Units with high nurse-to-patient ratios have lower rated quality of care (Clark et al. , 2012). Hospitals rate their quality of care based on patients’ satisfaction surveys, this is a key indicator that a hospital is in need of nurses. An important role of any nurse is to educate patients about their health. Nurses are cutting this precious communication with their patients far too short. Many patients risk going home under prepared and they soon return o the emergency room for something that is preventable but not fully aware on how to prevent complications. Holism is the nursing model of care.

If communication is at a minimum, then understanding the full picture of the patient is lost and holism care in incomplete. Nursing schools, hospitals and the government from state to federal levels are all working together to help ease the nursing shortage crisis and change the image of nursing from a negative to a positive and respectful profession. As these three groups collaborate to fight the crisis, the negative impacts of the nursing shortage ill begin to disappear. The government is helping nursing schools by providing grants that will supplement faculty pay so that schools do not have to compete with hospitals for qualified nurses.

As a result, more nursing faculty will provide an increase of available slots for nursing applicants to begin their nursing program with a shorter waiting period. Applicants will also be less likely to turn away from nursing programs because they will be able to begin their education sooner. Hospitals are offering tuition reimbursement programs, paying for nursing books for current employees homo wish to continue their education, but they have to be willing to sign a contract. Nursing students who have never experienced hospitals are eased into the workforce with bonuses and paid nursing citizenship.

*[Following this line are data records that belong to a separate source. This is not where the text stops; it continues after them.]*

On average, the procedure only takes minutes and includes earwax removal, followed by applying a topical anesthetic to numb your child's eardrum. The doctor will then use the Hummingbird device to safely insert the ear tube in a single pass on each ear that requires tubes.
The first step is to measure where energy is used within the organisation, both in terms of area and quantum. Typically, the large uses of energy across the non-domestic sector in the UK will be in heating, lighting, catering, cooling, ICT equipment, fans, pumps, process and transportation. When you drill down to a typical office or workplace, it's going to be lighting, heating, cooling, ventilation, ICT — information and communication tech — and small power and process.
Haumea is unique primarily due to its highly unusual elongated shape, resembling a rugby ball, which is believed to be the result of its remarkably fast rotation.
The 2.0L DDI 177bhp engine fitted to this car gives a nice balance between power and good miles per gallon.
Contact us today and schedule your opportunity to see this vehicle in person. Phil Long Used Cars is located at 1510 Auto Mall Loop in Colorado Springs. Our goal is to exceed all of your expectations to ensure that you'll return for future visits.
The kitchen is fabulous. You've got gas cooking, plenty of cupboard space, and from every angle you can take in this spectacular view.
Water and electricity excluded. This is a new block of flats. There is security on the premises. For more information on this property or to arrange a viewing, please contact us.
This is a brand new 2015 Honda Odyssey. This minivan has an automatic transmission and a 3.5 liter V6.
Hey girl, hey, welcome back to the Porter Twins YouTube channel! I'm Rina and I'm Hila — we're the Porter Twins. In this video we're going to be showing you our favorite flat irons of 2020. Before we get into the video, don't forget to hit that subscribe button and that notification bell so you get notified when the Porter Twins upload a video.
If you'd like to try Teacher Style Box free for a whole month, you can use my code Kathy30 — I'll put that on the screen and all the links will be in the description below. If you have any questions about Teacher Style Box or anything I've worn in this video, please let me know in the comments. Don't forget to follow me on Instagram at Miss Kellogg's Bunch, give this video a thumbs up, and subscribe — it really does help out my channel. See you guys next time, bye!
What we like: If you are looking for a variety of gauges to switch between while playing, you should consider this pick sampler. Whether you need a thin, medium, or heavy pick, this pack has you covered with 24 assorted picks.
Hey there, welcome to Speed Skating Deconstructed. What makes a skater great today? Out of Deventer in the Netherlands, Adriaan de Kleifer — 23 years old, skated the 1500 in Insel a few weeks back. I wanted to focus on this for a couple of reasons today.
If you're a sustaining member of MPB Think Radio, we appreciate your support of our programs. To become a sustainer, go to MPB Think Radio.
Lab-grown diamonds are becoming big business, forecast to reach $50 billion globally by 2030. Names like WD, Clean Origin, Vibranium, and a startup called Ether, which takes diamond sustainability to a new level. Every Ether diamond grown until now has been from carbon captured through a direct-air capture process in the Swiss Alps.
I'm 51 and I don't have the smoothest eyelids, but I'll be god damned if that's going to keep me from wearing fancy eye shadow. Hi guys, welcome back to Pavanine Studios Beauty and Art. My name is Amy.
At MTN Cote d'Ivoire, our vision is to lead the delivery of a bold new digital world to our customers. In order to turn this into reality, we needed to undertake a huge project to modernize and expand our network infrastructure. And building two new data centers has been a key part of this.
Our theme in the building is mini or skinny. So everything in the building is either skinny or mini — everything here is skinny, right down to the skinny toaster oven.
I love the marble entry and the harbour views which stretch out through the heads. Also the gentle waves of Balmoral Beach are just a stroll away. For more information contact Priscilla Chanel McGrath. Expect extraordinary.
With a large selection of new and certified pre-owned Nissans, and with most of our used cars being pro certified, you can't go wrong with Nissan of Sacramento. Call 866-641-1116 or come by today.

With this program, student nurses are learning and training while overcoming the fears of beginning a career in a foreign area. This helps to maintain nurses and build a stable and constant nursing staff without a high volume of nurse turnover. The key to overcoming the shortage is to train more students in nursing by creating more nursing faculty. These programs are still in the early tagged. More legislation at a state level is in need needed to address the severity of the shortage and specifics to individual state situations.

Within a few years, a steady increase of graduate nurses entering the workforce will begin to show. The question is will it be enough to keep up with the volume of baby boomers scheduled to retire? Much collaboration and team effort is created to draw potential applicants to the profession of nursing starting on high school campuses and throughout college campuses. Programs are in creation to streamline the time it takes to get through nursing school so that he new graduates can enter hospitals at a faster rate.